BAKER — More than a dozen road closures, most in north Okaloosa County, as well as several more in Walton County, occurred earlier this week as Hurricane Isaac took one more swipe at the region, this time from much farther north.

While the Emerald Coast dodged a direct strike from the storm as it headed into Louisiana, the area experienced several inches of rain in some parts of the north county. As the sun peeped out earlier this week, however, Isaac made himself felt again when heavy rains dumped water in the central part of the United States that sent crests down local estuaries.

Randy McDaniel, chief of emergency management for Okaloosa County, said while the Crestview area was not affected, communities north of Baker along the Blackwater River suffered some flooding and road closures.

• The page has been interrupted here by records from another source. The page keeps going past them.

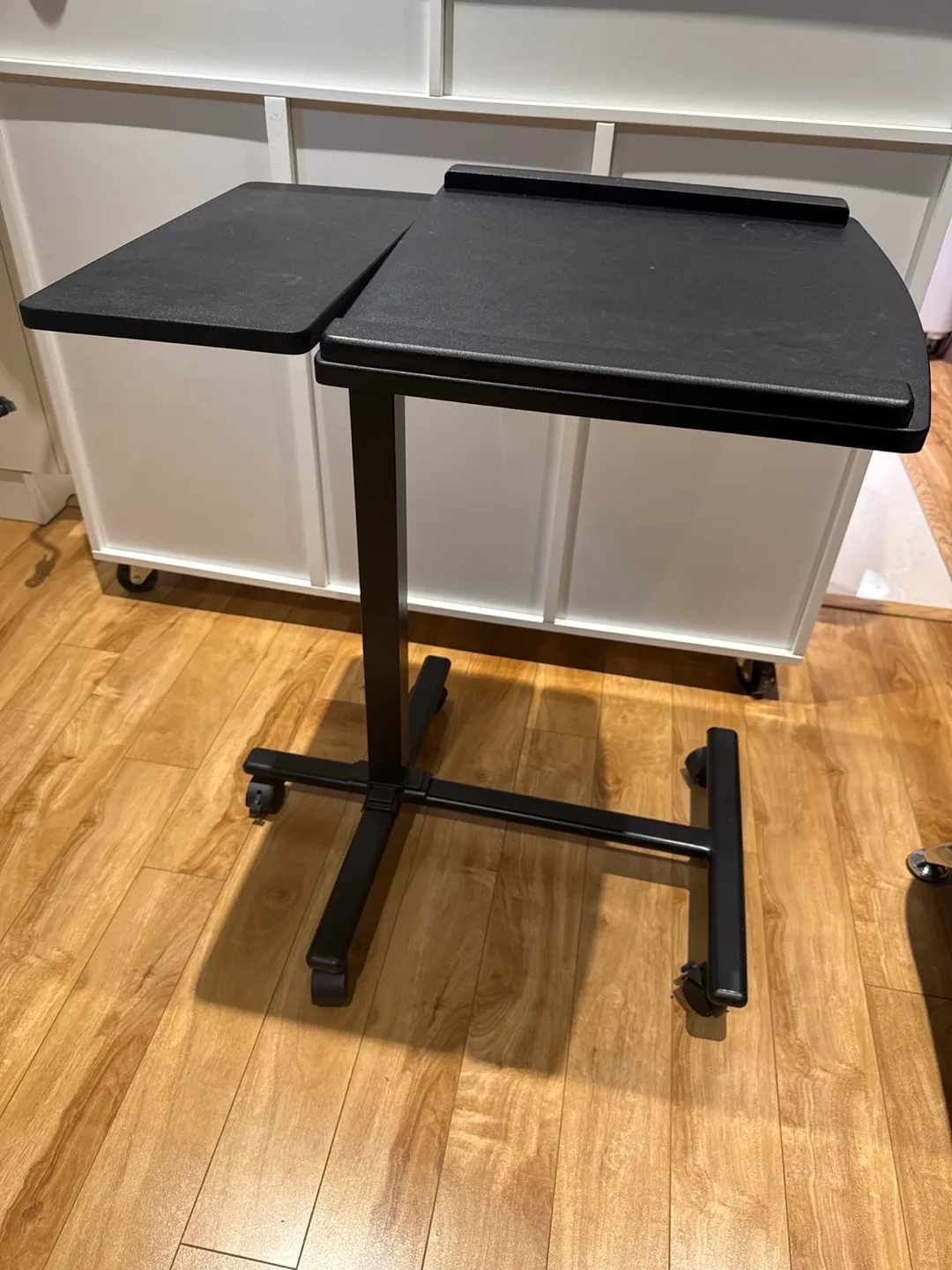 Black Rolling Laptop Desk
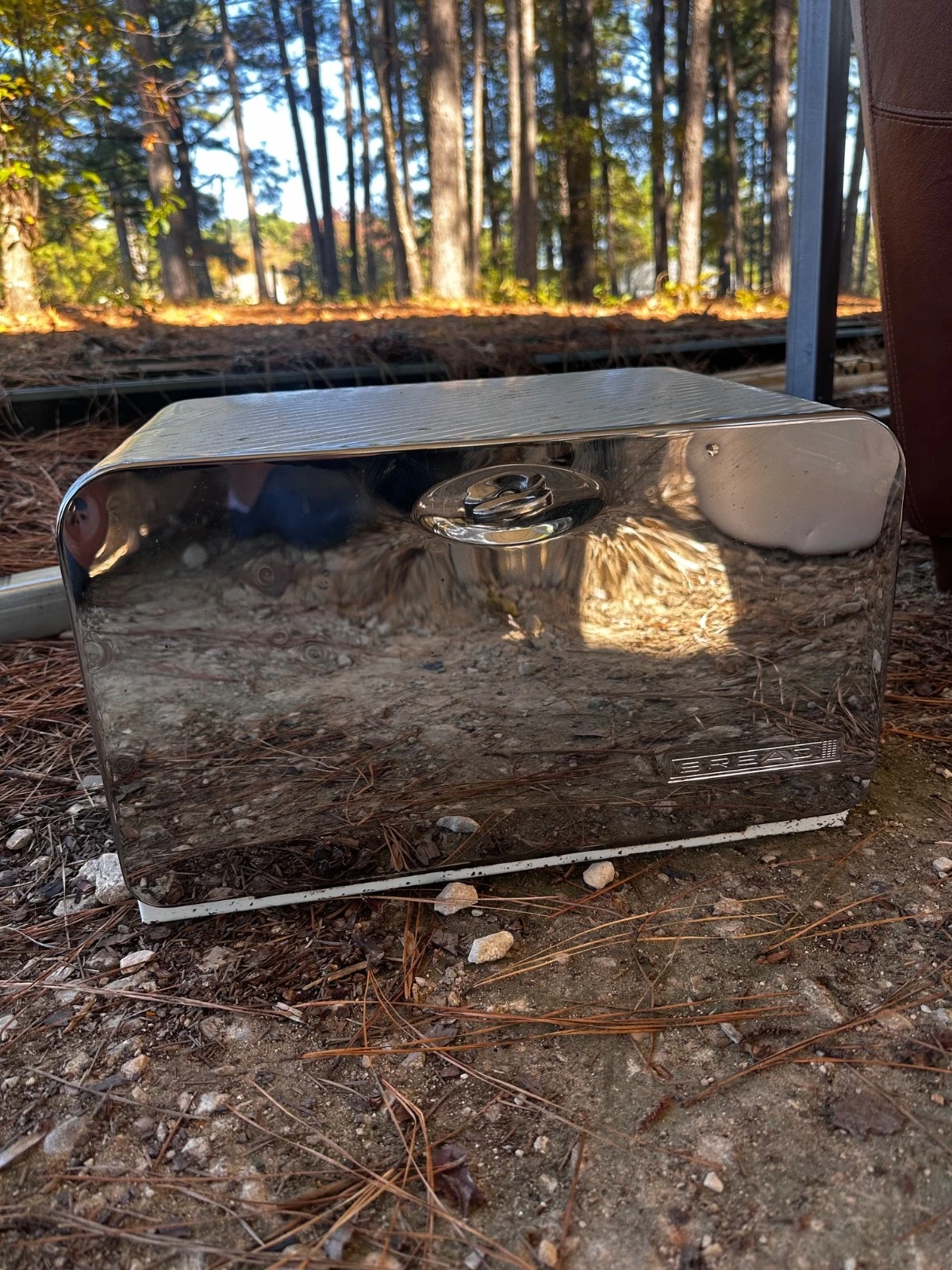 vintage Lincoln Beautyware chrome bread box, a mid-century modern kitchen storag
Opens in a new wind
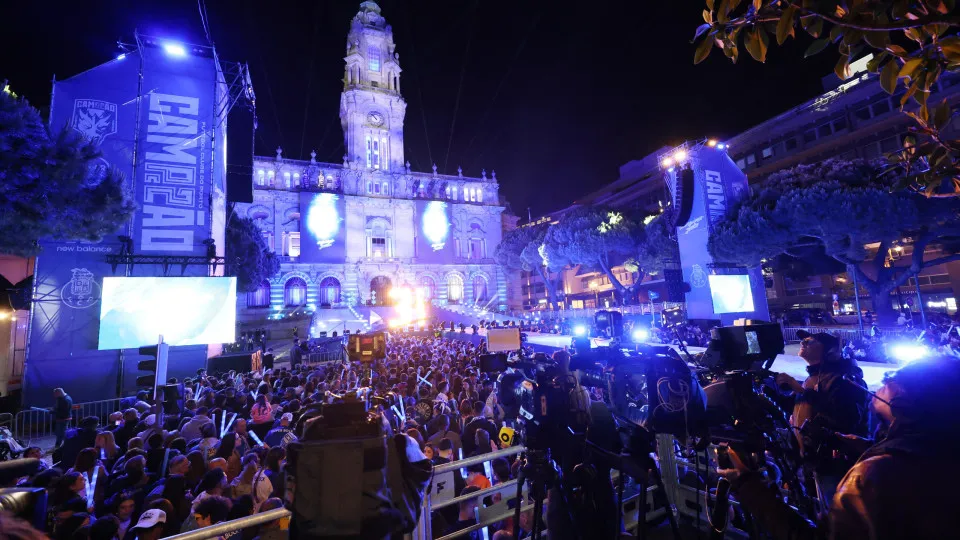 FC Porto recebido em apoteose nos Aliados após desfile pela cidade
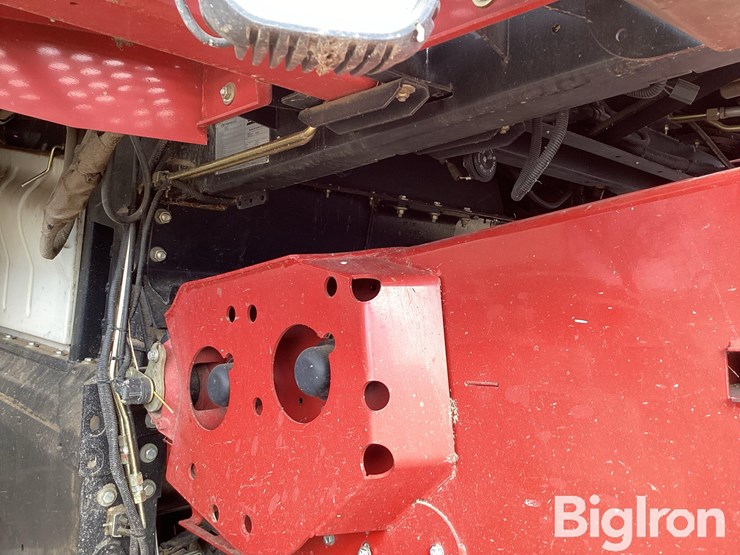 2012-case-ih-7120-image-17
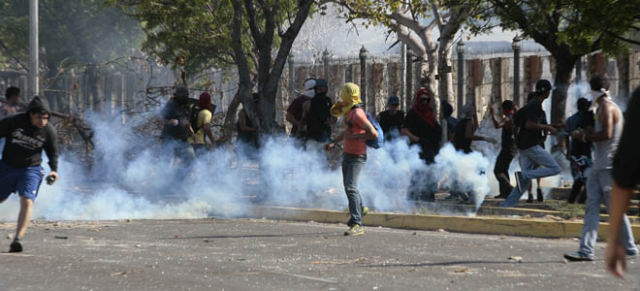 Los colectivos atacaron a los habotantes de La Trinidad y Residencias Palaima.
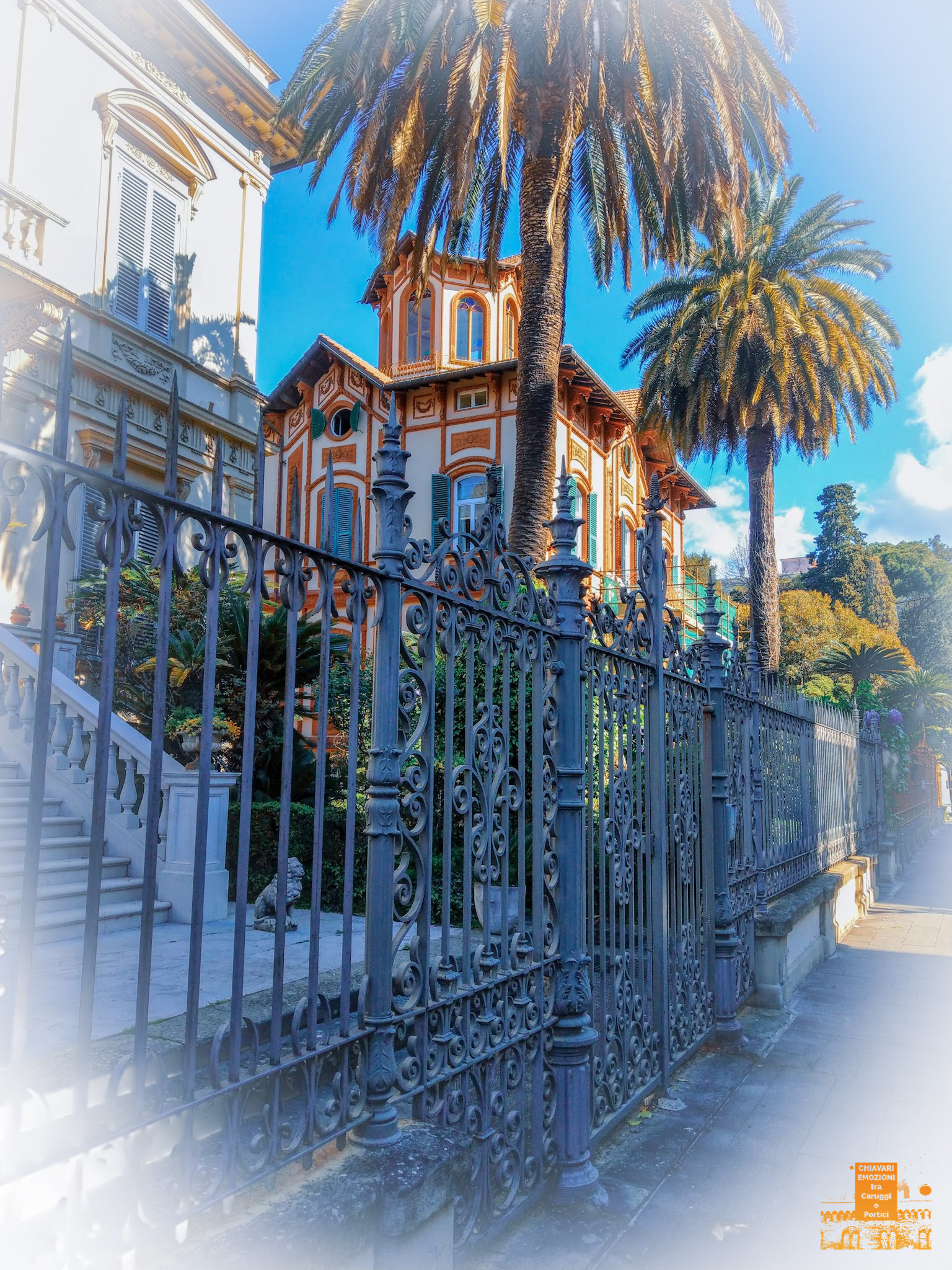 Giardini dietro cancellate in ferro battuto - Viale Enrico Millo - Chiavari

County public information officer Kathy Newby announced 13 road closures Wednesday afternoon, 12 of them along Blackwater River. The 13th closure, Old Dorcas Road in the Dorcas community east of Crestview, was affected by a crest riding down the Shoal River, and with three roads near Baker, remained closed Thursday morning.

“The Shoal River at Highway 90 is currently at 16.1 feet, and it appears it has crested,” McDaniel reported Wednesday. “It should start dropping very soon.”

Thursday morning, county Public Works crews patrolled the previously closed roads, checking the depth of estuaries crossed by local roads and reopening most of the roads closed the previous day.

“The Blackwater is rising,” McDaniel said Wednesday. “It is currently at 16.4 feet. It is at moderate flood stage. At that level, we have some homes that could be threatened. We have notified the residents through the Code Red system, but the river has caused flooding on the roadways.”

According to the National Weather Service website, the river ultimately reached 17.02 feet, more than a foot above the moderate flood stage. By Thursday morning, however, it had dropped to 11.5 feet and was predicted to keep falling.

Peaden Bridge, east of the Beaver Creek community, reopened Thursday morning, though the water was barely a foot below the bridge supports. The fast current pushed debris against the bridge structure, and water flooded the forested banks lining the river.

While Yellow River, at 8.84 feet, was higher than normal as it crossed U.S. Highway 90, it did not pose a significant threat, McDaniel said. Flood stage for the river is 12 feet, according to the weather service.

“The Yellow River is behaving very well,” he said. “It’s supposed to crest at 7.9 feet, which is below flood stage.”

As the flood waters receded, McDaniel said his department was already eying the next suspicious storm system developing in the southern Gulf of Mexico, which is being monitored by the National Hurricane Center in Miami.

“The low pressure has moved out into the gulf and has been assigned a number,” McDaniel said. “That means they’re watching it for tropic development. Currently, according to the NHC, it has a 43 percent chance of turning into a tropical cyclone.

“If that happens, the current models have it running toward the Big Bend and main peninsula of Florida, although they show drifting southwest and heading back to the East.”